(Task objective)
Restate word for word the entries below, starting at the line with "What test are" and ending at the line with "Spawanie W Osłonie Gazów Tig [KSIĄŻKA]". Keep both end lines and omit the pictures.

(Brief descriptive captions)

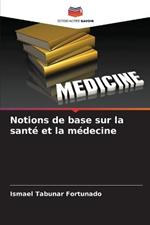 Notions de base sur la sante et la medecine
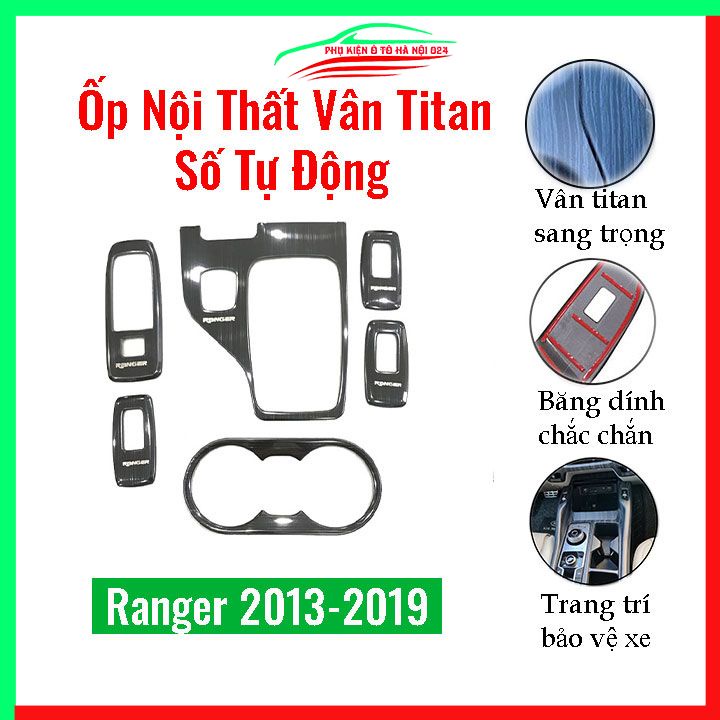 Ốp nội thất cho xe ô tô Ranger 2013-2021 Số Tự Động vân Titan bảo vệ chống trầy xước và làm đẹp xe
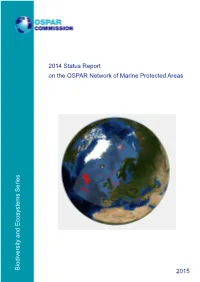 Biodiversity and Ecosystems Series 2014 Status Report on the OSPAR
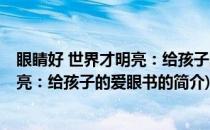 眼睛好 世界才明亮：给孩子的爱眼书(关于眼睛好 世界才明亮：给孩子的爱眼书的简介)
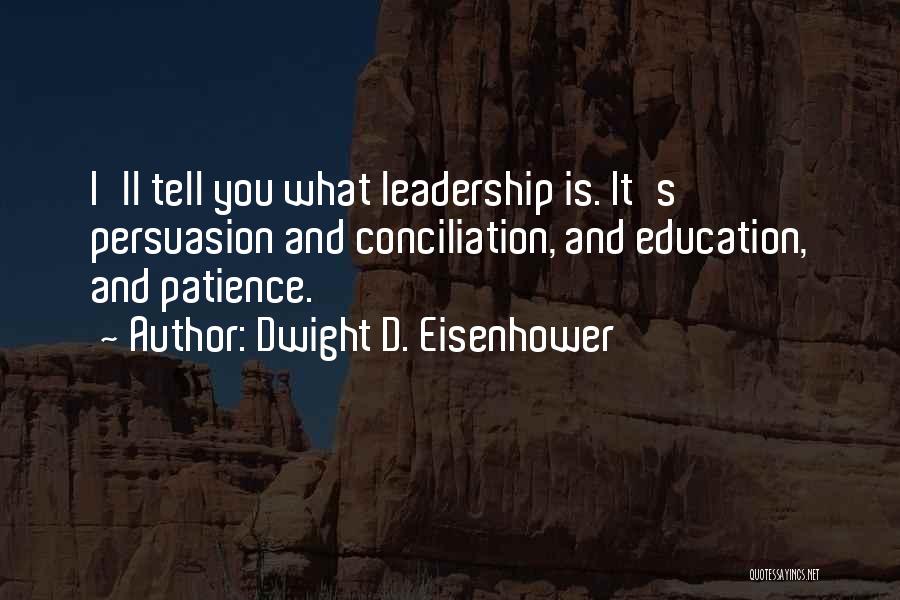 Dwight D. Eisenhower Quotes: I'll Tell You What Leadership Is. It's Persuasion And Conciliation, And Education, And Patience.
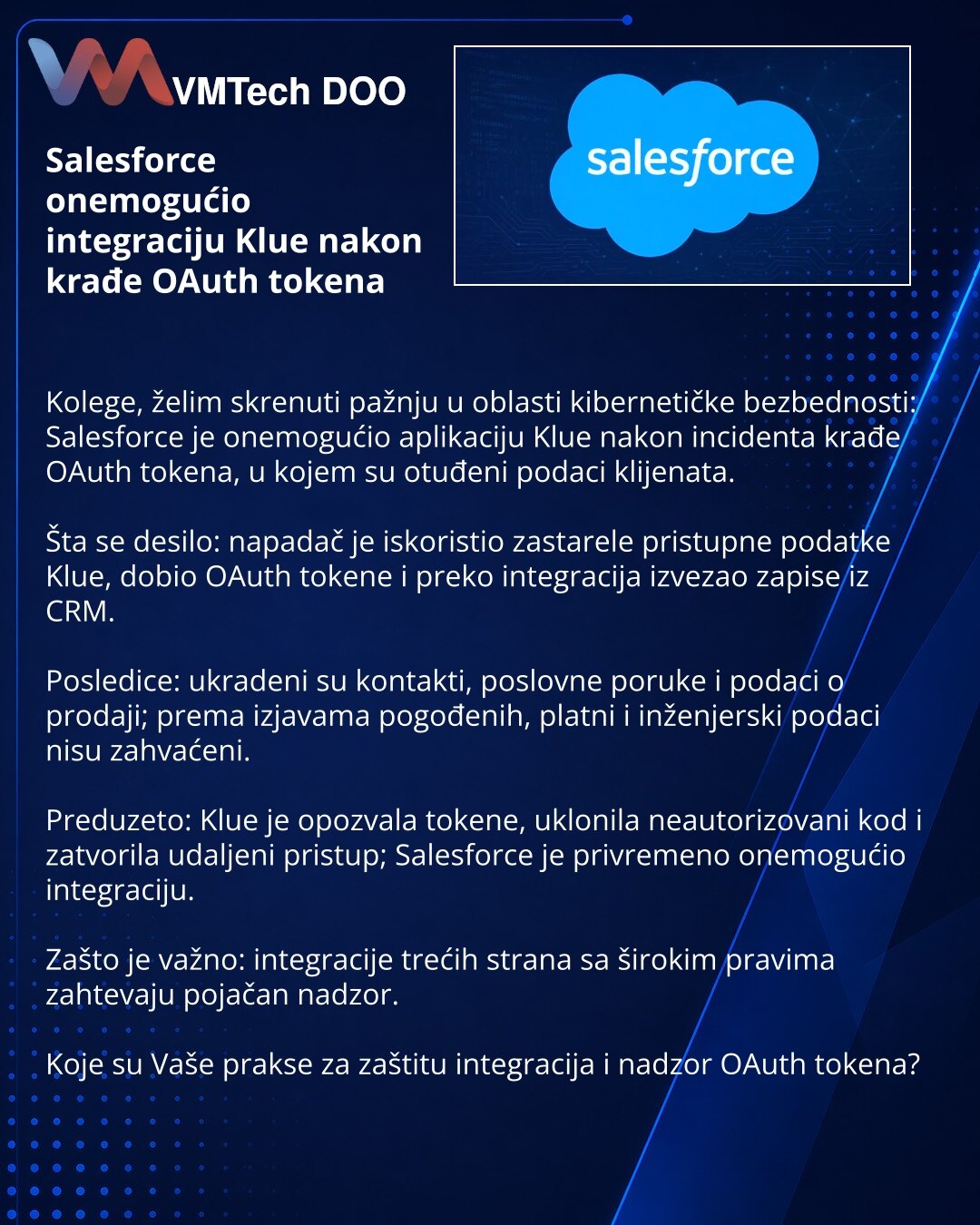 Salesforce onemogućio integraciju Klue nakon krađe OAuth tokena

Kolege, želim skrenuti pažnju u oblasti kibernetičke bezbednosti: Salesforce je onemogućio aplikaciju Klue nakon incidenta krađe OAuth tokena, u kojem su otuđeni podaci klijenata.

Šta se desilo: napadač je iskoristio zastarele pristupne podatke Klue, dobio OAuth tokene i preko integracija izvezao zapise iz CRM.

Posledice: ukradeni su kontakti, poslovne poruke i podaci o prodaji; prema izjavama pogođenih, platni i inženjerski poda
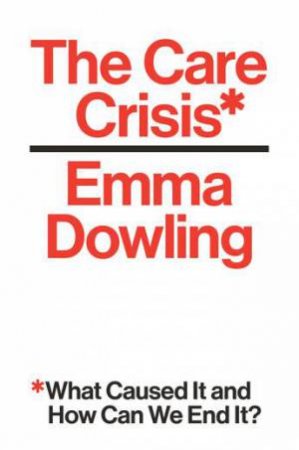 The Care Crisis: What Caused It And How Can We End It? by Emma Dowling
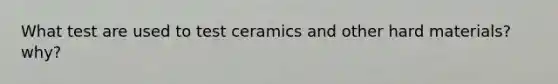 What test are used to test ceramics and other hard materials? why?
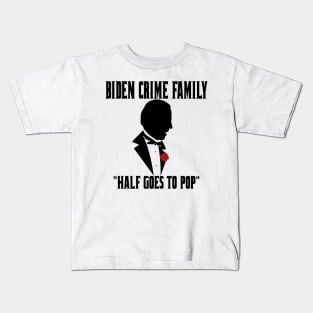 Hunter / Joe Biden Crime Family Burisma Laptop Fraud Kids T-Shirt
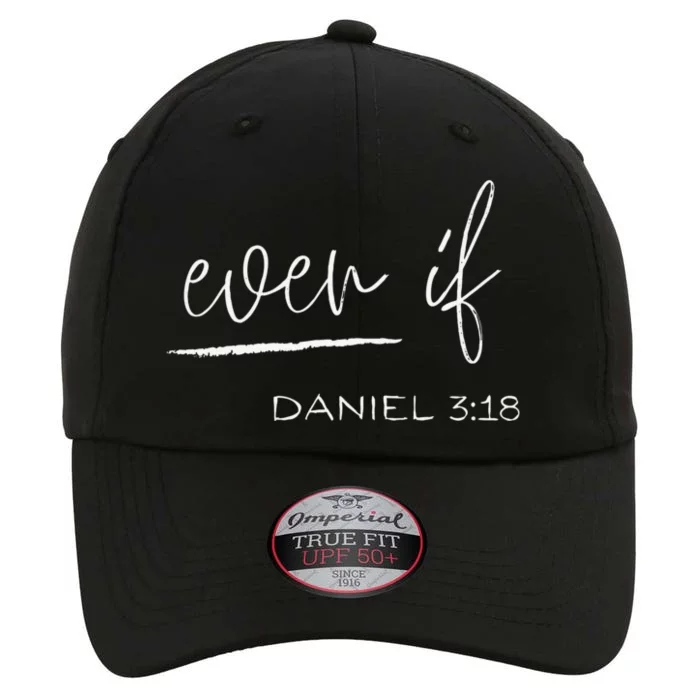 Even If Daniel 318 Faith Bible Verse Bible Quote The Original Performance Cap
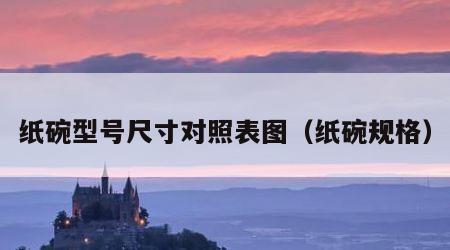 纸碗型号尺寸对照表图（纸碗规格）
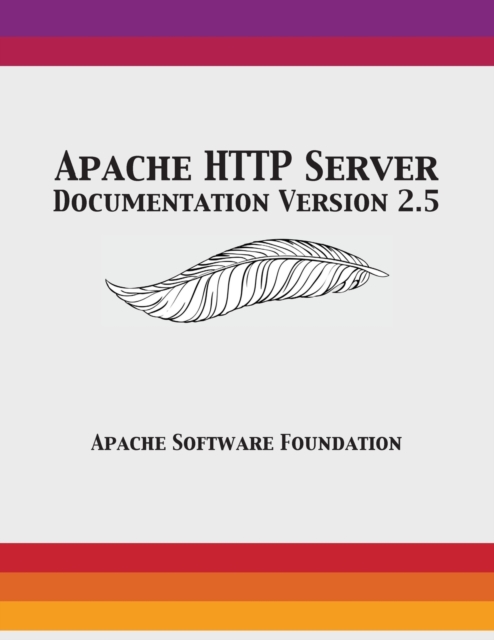 Apache HTTP Server Documentation Version 2.5, Paperback / softback Book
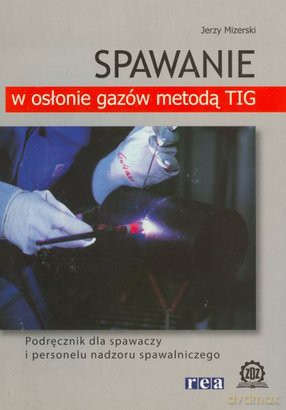 Spawanie W Osłonie Gazów Tig [KSIĄŻKA]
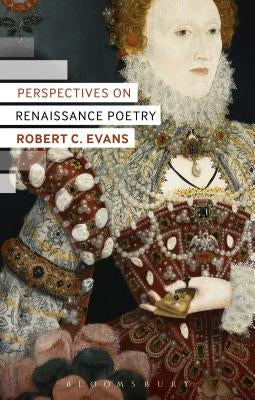 Perspectives on Renaissance Poetry by Evans, Robert C.
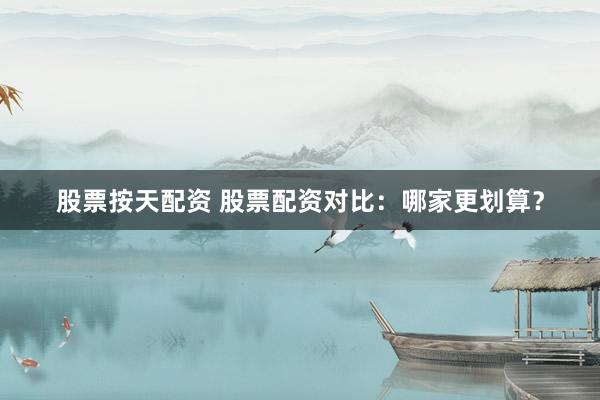 股票按天配资 股票配资对比：哪家更划算？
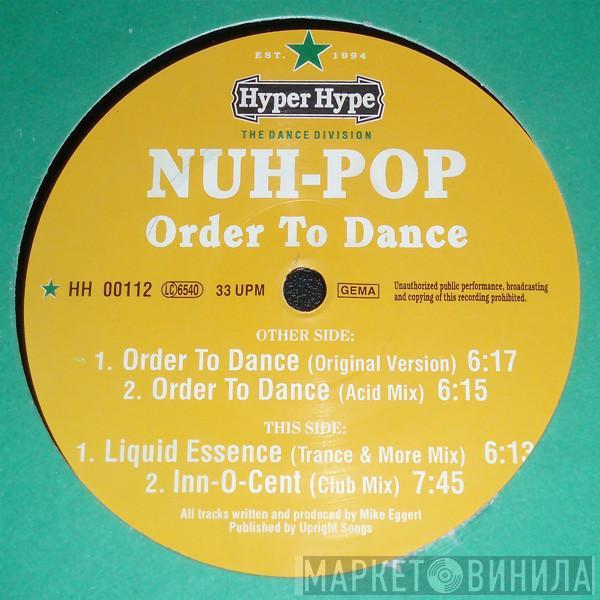 Nuh-Pop - Order To Dance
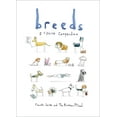 thumbnail image 1 of Pre-Owned Breeds: A Canine Compendium (Hardcover) 1250066336 9781250066336, 1 of 1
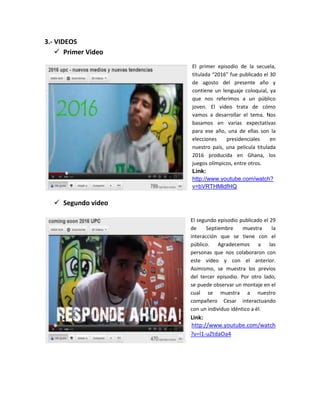 3.- VIDEOS
     Primer Video
                     El primer episodio de la secuela,
                     titulada “2016” fue publicado el 30
                     de agosto del presente año y
                     contiene un lenguaje coloquial, ya
                     que nos referimos a un público
                     joven. El video trata de cómo
                     vamos a desarrollar el tema. Nos
                     basamos en varias expectativas
                     para ese año, una de ellas son la
                     elecciones    presidenciales     en
                     nuestro país, una película titulada
                     2016 producida en Ghana, los
                     juegos olímpicos, entre otros.
                     Link:
                     http://www.youtube.com/watch?
                     v=bVRTHMldfHQ

   Segundo video

                     El segundo episodio publicado el 29
                     de     Septiembre     muestra     la
                     interacción que se tiene con el
                     público. Agradecemos a las
                     personas que nos colaboraron con
                     este video y con el anterior.
                     Asimismo, se muestra los previos
                     del tercer episodio. Por otro lado,
                     se puede observar un montaje en el
                     cual se muestra a nuestro
                     compañero Cesar interactuando
                     con un individuo idéntico a él.
                     Link:
                     http://www.youtube.com/watch
                     ?v=l1-uZtdaOa4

(Answer box)
 What test are used to test ceramics and other hard materials? why?
 Hunter / Joe Biden Crime Family Burisma Laptop Fraud Kids T-Shirt
 Even If Daniel 318 Faith Bible Verse Bible Quote The Original Performance Cap
 纸碗型号尺寸对照表图（纸碗规格）
 Apache HTTP Server Documentation Version 2.5, Paperback / softback Book
 Spawanie W Osłonie Gazów Tig [KSIĄŻKA]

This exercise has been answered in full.